#### TASK:
Please repeat, exactly and without pictures, the lines of the entries below that run from the one containing "The Carescape V100" through the one containing "Thank you very".

#### DATA FOR PROCESSING:
□ □ □
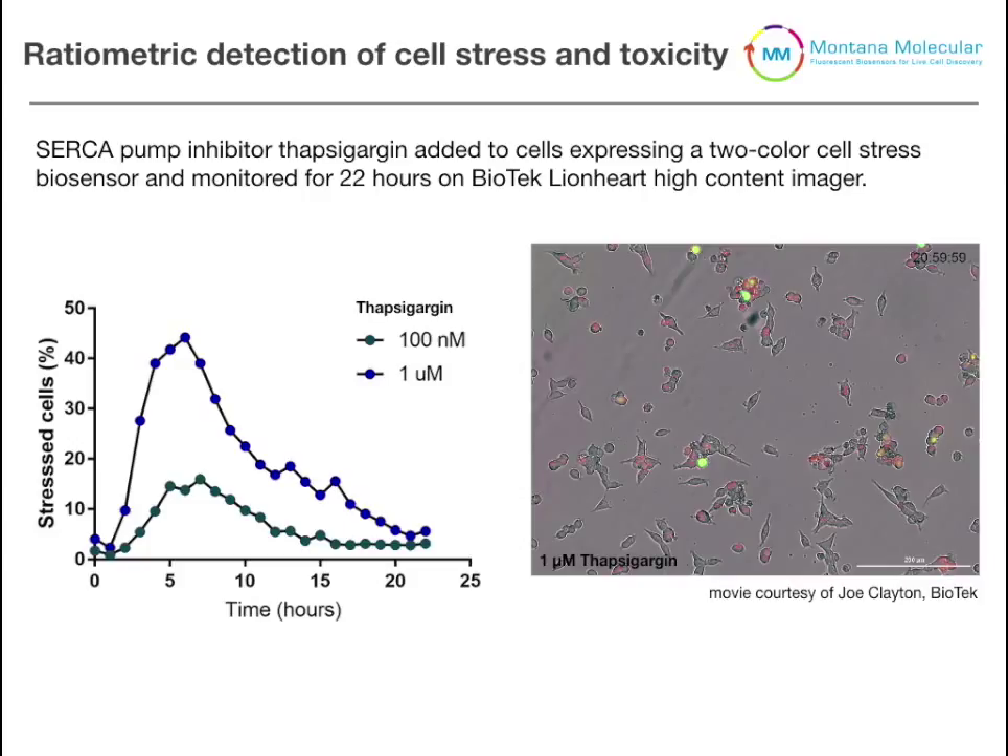So how hard is it to do this kind of experiment? The answer is really easy. All of our sensors, including the stress sensor, come packaged in BacMAM, which is a type of viral delivery system. On day one you transduce the cells, and on day two you're ready to image, put on the plate reader, or do any assay that you're trying to test for cellular stress.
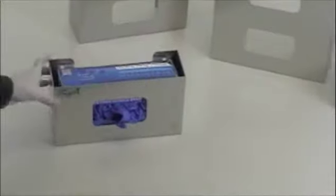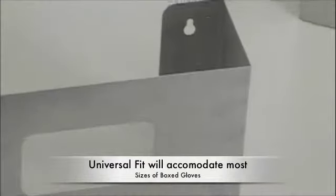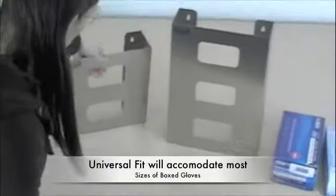so it's resistant to corrosion, it's antibacterial, and 100% recyclable. It's also non-magnetic, so these are safe for MRI labs and MRI facilities.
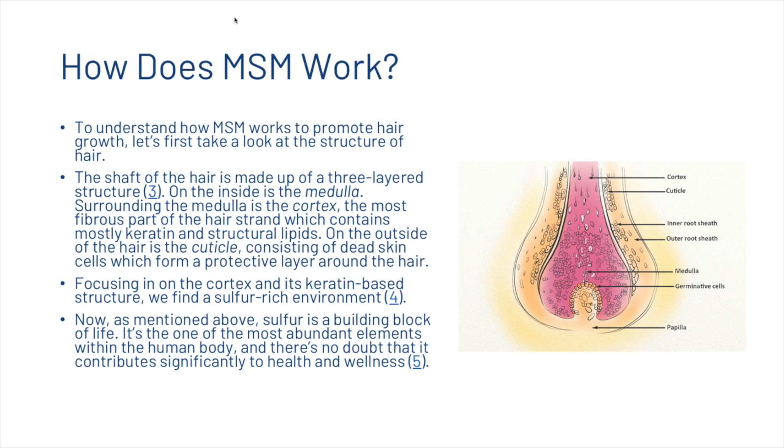So how exactly does MSM work? To understand how MSM works to promote hair growth, let's first take a look at the structure of hair. The shaft of hair is made up of a three-layered structure. On the inside is the medulla. Surrounding the medulla is the cortex, the most fibrous part of the hair strand, which contains mostly keratin and structural lipids. On the outside of the hair is the cuticle, consisting of dead skin cells which form a protective layer around the hair. Focusing in on the cortex and its keratin-based structure, we find a sulfur-rich environment.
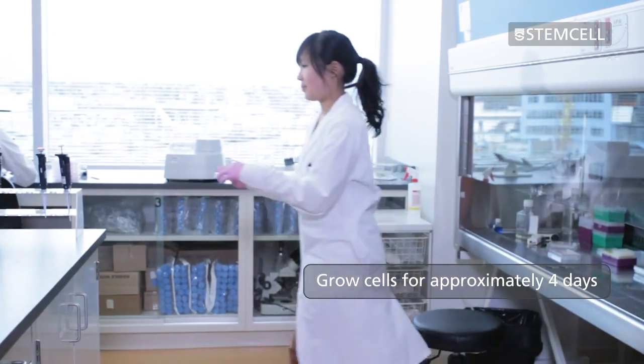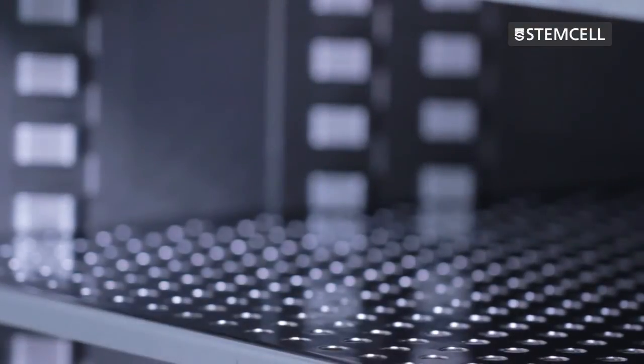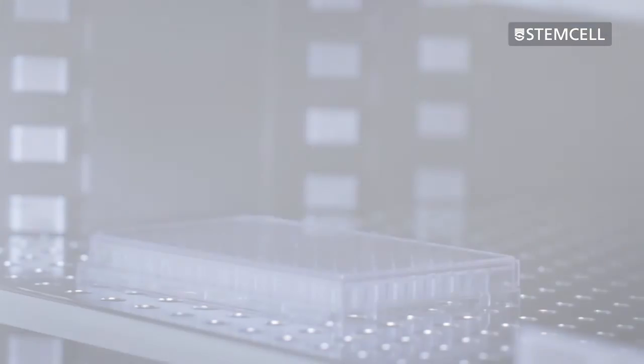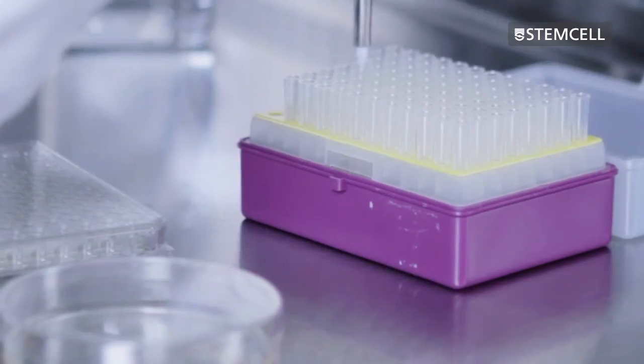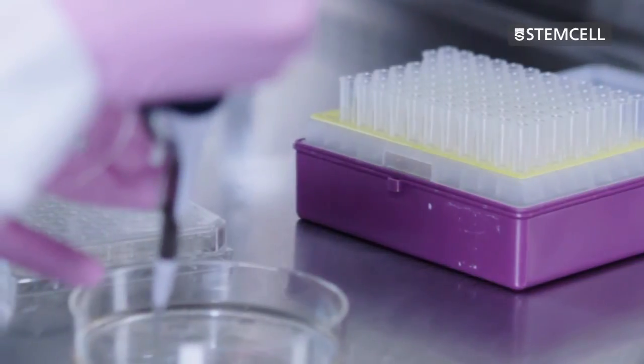Grow the cells for approximately 4 days and then screen for specific protein products using appropriate screening assays. Incubation times will vary depending on the cell type. Because discrete colonies are harvested from the semi-solid medium individually, cultures that test positive for the product of interest have a high probability of monoclonality. This allows you to move on to further stages of cell line development more quickly.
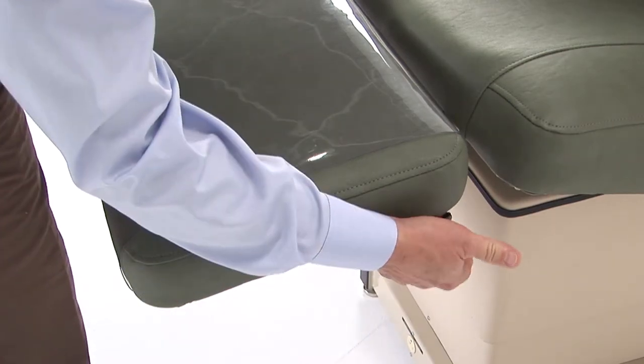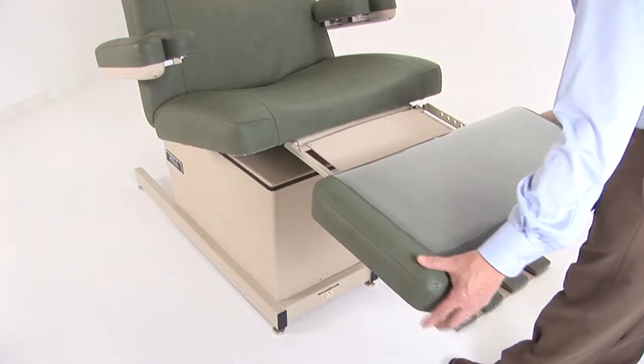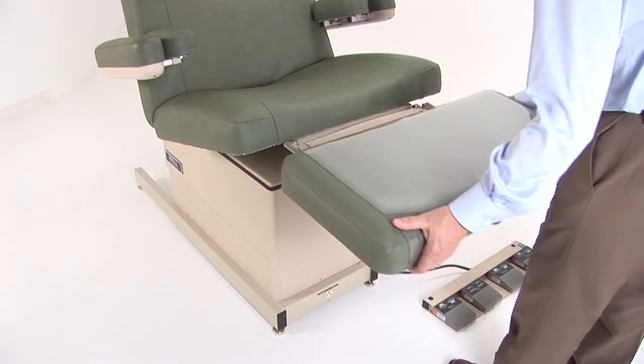The footrest is adjustable to accommodate taller patients. It can slide out up to 10 inches and lock anywhere in between.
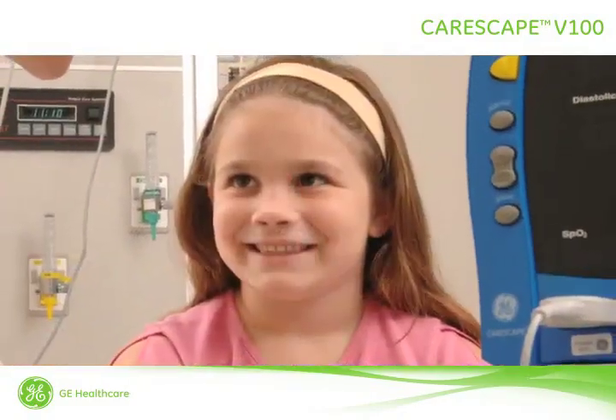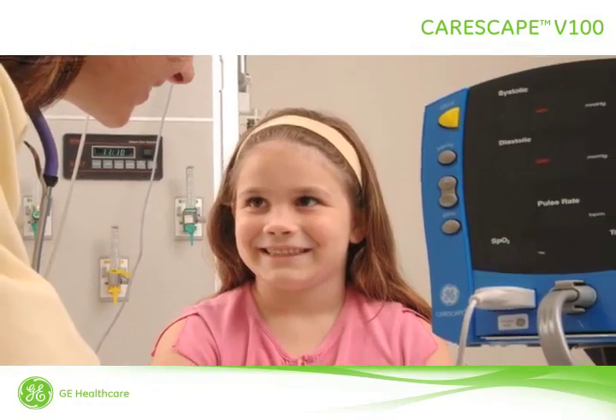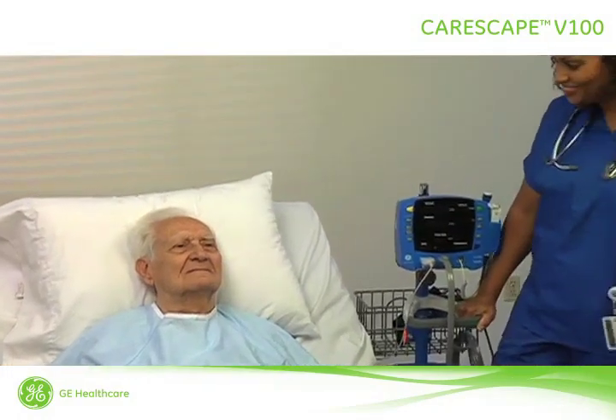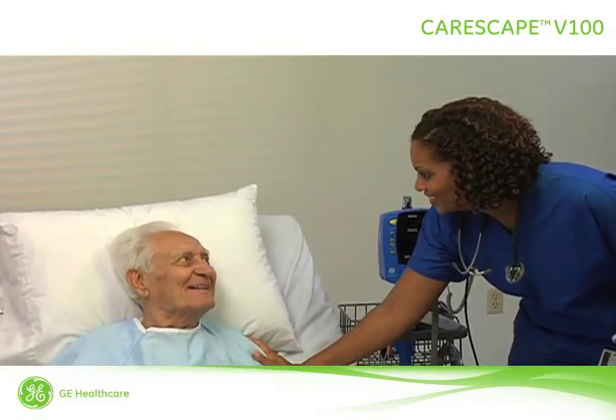The Carescape V100 Vital Signs Monitor provides a small, portable, easy-to-use monitoring alternative for subacute hospital and non-hospital settings. You can use the V100 on adult, pediatric, or neonatal patients to gather current clinical intelligence to help you make fast, quality care decisions.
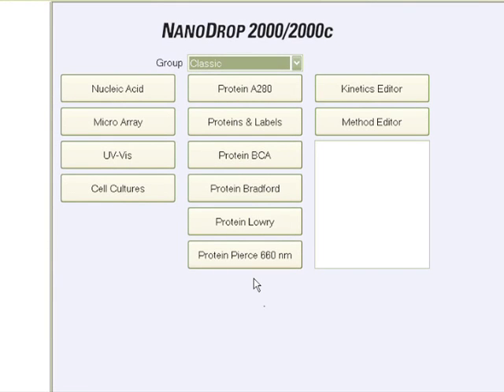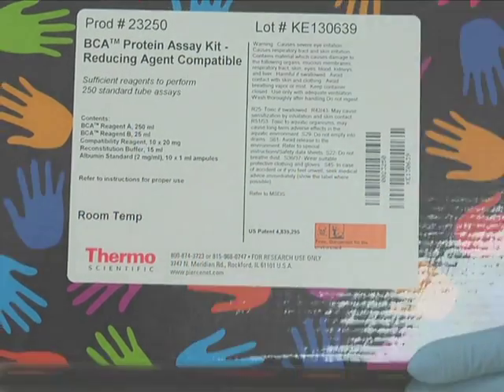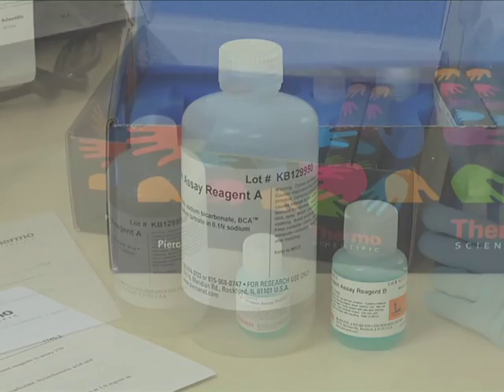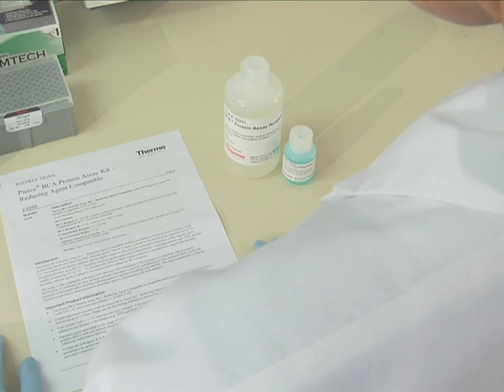If the sample is an uncharacterized protein solution, cell lysate, or crude protein extract, we recommend using one of the pre-configured colorimetric methods available on the NanoDrop 2000C. These colorimetric methods include BCA, Pierce 660, Bradford, and Lowry assays. The BCA assay will be demonstrated here. The required reagents are contained in the Thermo Scientific Pierce Reducing Agent Compatible Kit: BCA Reagent A, BCA Reagent B, and Bovine Serum Albumin Standards. We will be using Pierce's pre-diluted albumin set as our standards.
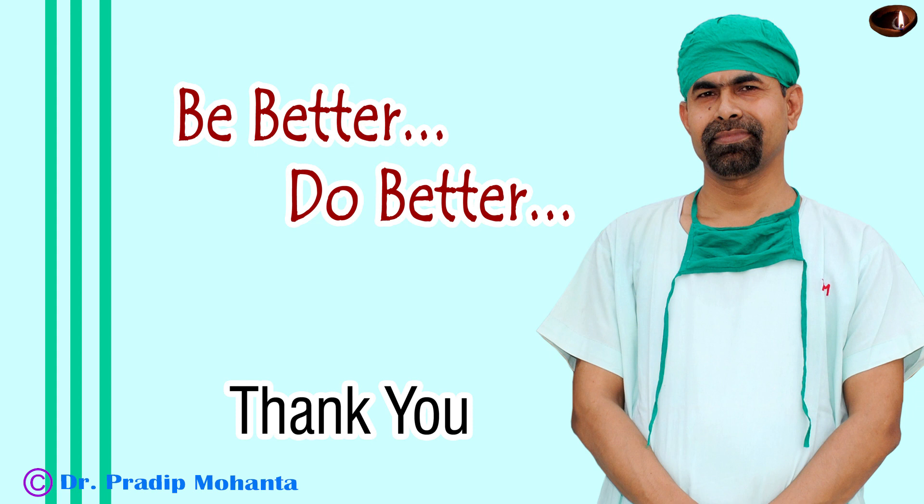Thank you very much for your attention. Hope this video will help you in developing your surgical skills. Be a great surgeon and serve your patients with love, respect, empathy, and great surgical competence. Always remember that in soft cataracts you need not sculpt the peripheral part of the lens — if you make a deep crater at the central part, you can easily divide the nucleus into two halves.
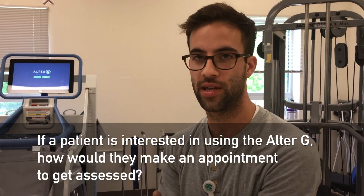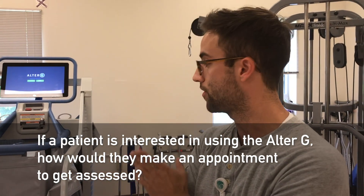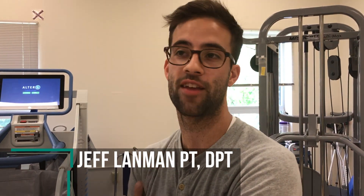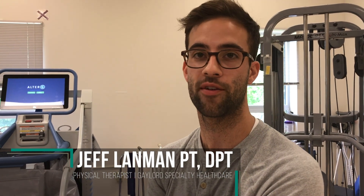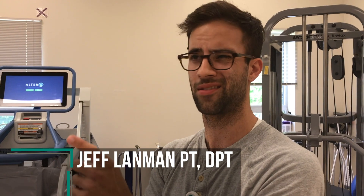If they have a regular evaluation with PT, our normal evaluation process would apply. If it turns out they need any type of gait training or improvement with balance, we can put them in there. We're also starting an option where patients can come in and pay for time by use — I think we're charging in 15-minute increments — so if anyone wanted to come and use it, they could.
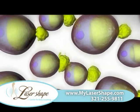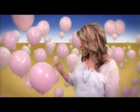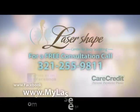The laser empties fat cells and restores them to a smaller size. Lose 3 to 12 inches in as little as 2 weeks. Say goodbye to unwanted inches and reveal your true shape at Lasershape. Call 255-9811.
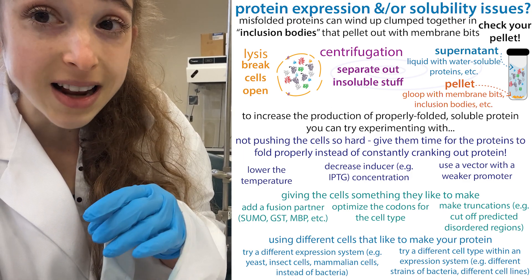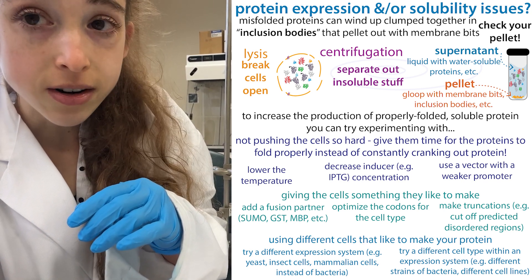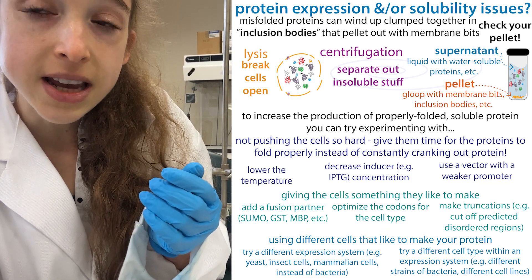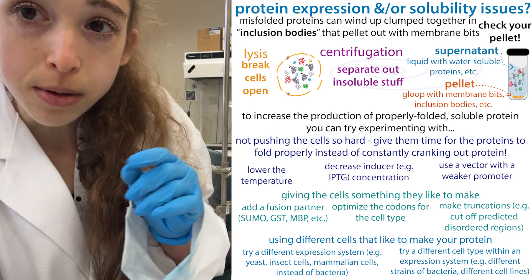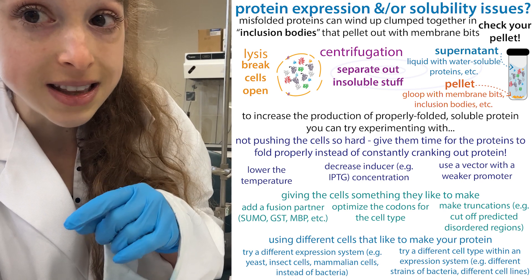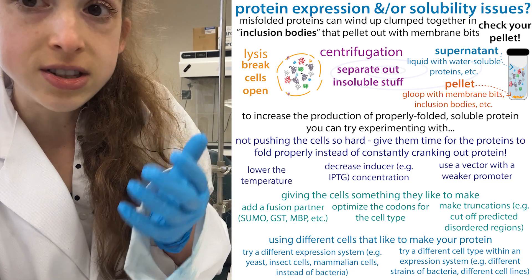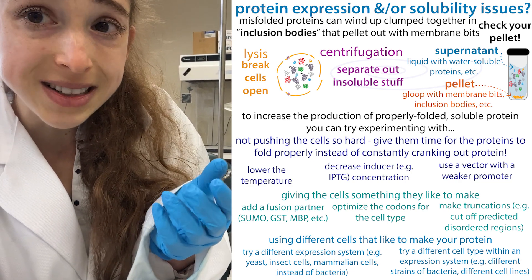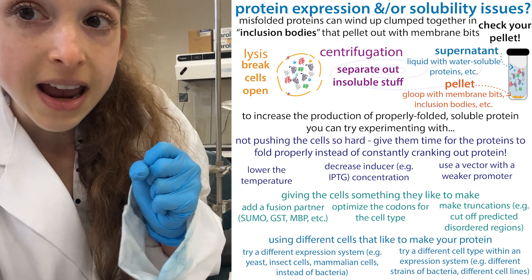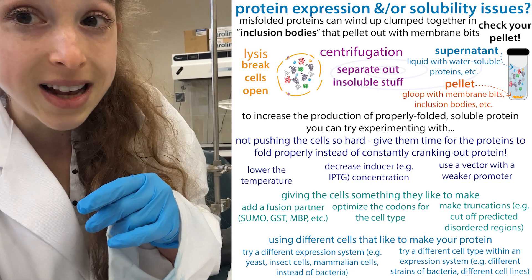If you hadn't actually lysed the cells well, the pellet is going to have full cells in it, and those cells would still have your protein in them. If you take a sample of the pellet and a sample of the supernatant to see where the protein is, there are two reasons why the protein could be in the pellet. Typically you'd test the pellet to see if your protein is insoluble — going to inclusion bodies, forming clumps or aggregates.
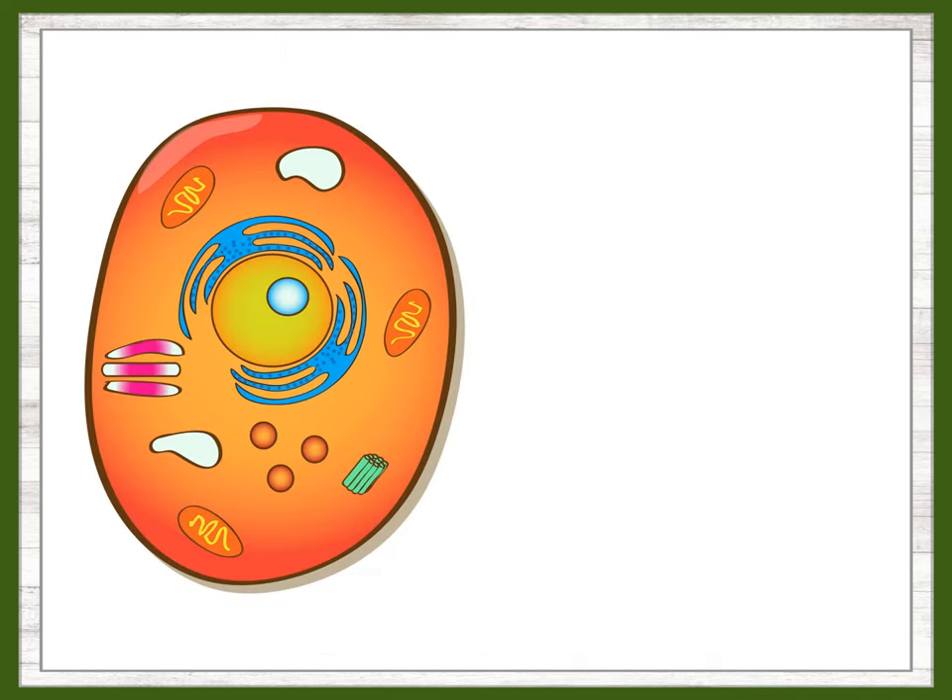You've probably seen lots of images of animal cells, but what do those cells actually look like under a microscope?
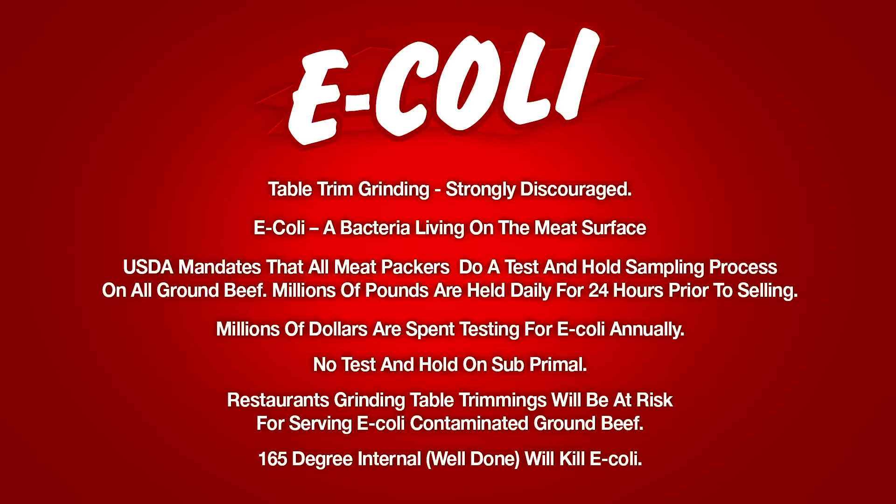Restaurant Depot strongly discourages the use of your own table trimmings. The main reason is the E. coli issue. The USDA mandates that all meat packers do a test-and-hold sampling process on all ground beef — millions of pounds are held daily for 24 hours prior to selling, and millions of dollars are spent testing for E. coli annually. There is no test-and-hold on the sub-primals you're cutting your steaks out of. Restaurants grinding their own table trimmings will be at risk for serving E. coli contaminated ground beef, unless you cook your ground beef to 165 degrees internal temperature, which will kill the E. coli bacteria.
□ □ □
#### RESULT:
The Carescape V100 Vital Signs Monitor provides a small, portable, easy-to-use monitoring alternative for subacute hospital and non-hospital settings. You can use the V100 on adult, pediatric, or neonatal patients to gather current clinical intelligence to help you make fast, quality care decisions.
If the sample is an uncharacterized protein solution, cell lysate, or crude protein extract, we recommend using one of the pre-configured colorimetric methods available on the NanoDrop 2000C. These colorimetric methods include BCA, Pierce 660, Bradford, and Lowry assays. The BCA assay will be demonstrated here. The required reagents are contained in the Thermo Scientific Pierce Reducing Agent Compatible Kit: BCA Reagent A, BCA Reagent B, and Bovine Serum Albumin Standards. We will be using Pierce's pre-diluted albumin set as our standards.
Thank you very much for your attention. Hope this video will help you in developing your surgical skills. Be a great surgeon and serve your patients with love, respect, empathy, and great surgical competence. Always remember that in soft cataracts you need not sculpt the peripheral part of the lens — if you make a deep crater at the central part, you can easily divide the nucleus into two halves.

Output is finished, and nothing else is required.